START DATASET EXTRACT
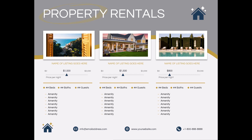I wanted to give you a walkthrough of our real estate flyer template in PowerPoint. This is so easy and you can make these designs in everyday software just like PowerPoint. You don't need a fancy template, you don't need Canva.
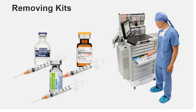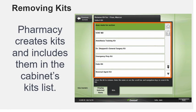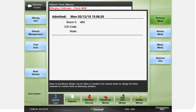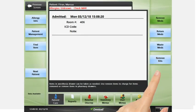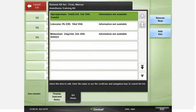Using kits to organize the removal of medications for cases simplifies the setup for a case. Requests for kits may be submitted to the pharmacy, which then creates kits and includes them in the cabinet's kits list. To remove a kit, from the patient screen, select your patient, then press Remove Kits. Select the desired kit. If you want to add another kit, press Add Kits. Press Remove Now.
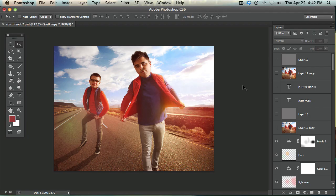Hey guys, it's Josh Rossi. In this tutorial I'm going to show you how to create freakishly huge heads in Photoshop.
END DATASET EXTRACT
Beginning with the line that contains "Using kits to" and ending with the final line of the listing, return each line exactly. Omit all pictures.

TASK RESULT.
Using kits to organize the removal of medications for cases simplifies the setup for a case. Requests for kits may be submitted to the pharmacy, which then creates kits and includes them in the cabinet's kits list. To remove a kit, from the patient screen, select your patient, then press Remove Kits. Select the desired kit. If you want to add another kit, press Add Kits. Press Remove Now.
Hey guys, it's Josh Rossi. In this tutorial I'm going to show you how to create freakishly huge heads in Photoshop.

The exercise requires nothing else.